> **REQUIRED ACTION**
Please quote exactly the lines below from the line containing "Regina Litvinova /" to the line containing "I'm Sorry For", both lines included, and nothing else.

> **GIVEN ENTRIES**
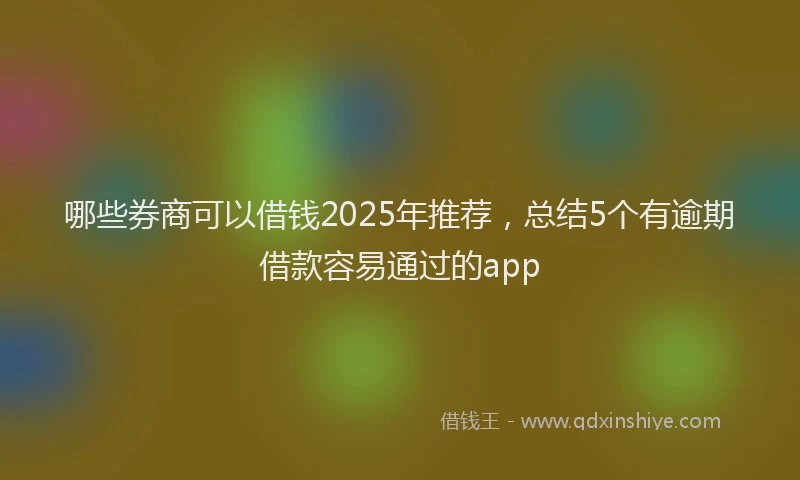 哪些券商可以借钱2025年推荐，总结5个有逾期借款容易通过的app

==

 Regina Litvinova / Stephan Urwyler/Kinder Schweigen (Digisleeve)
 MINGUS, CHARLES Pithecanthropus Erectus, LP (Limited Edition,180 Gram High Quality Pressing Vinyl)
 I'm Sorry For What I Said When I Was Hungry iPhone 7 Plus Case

> **ANSWER SECTION**
 Regina Litvinova / Stephan Urwyler/Kinder Schweigen (Digisleeve)
 MINGUS, CHARLES Pithecanthropus Erectus, LP (Limited Edition,180 Gram High Quality Pressing Vinyl)
 I'm Sorry For What I Said When I Was Hungry iPhone 7 Plus Case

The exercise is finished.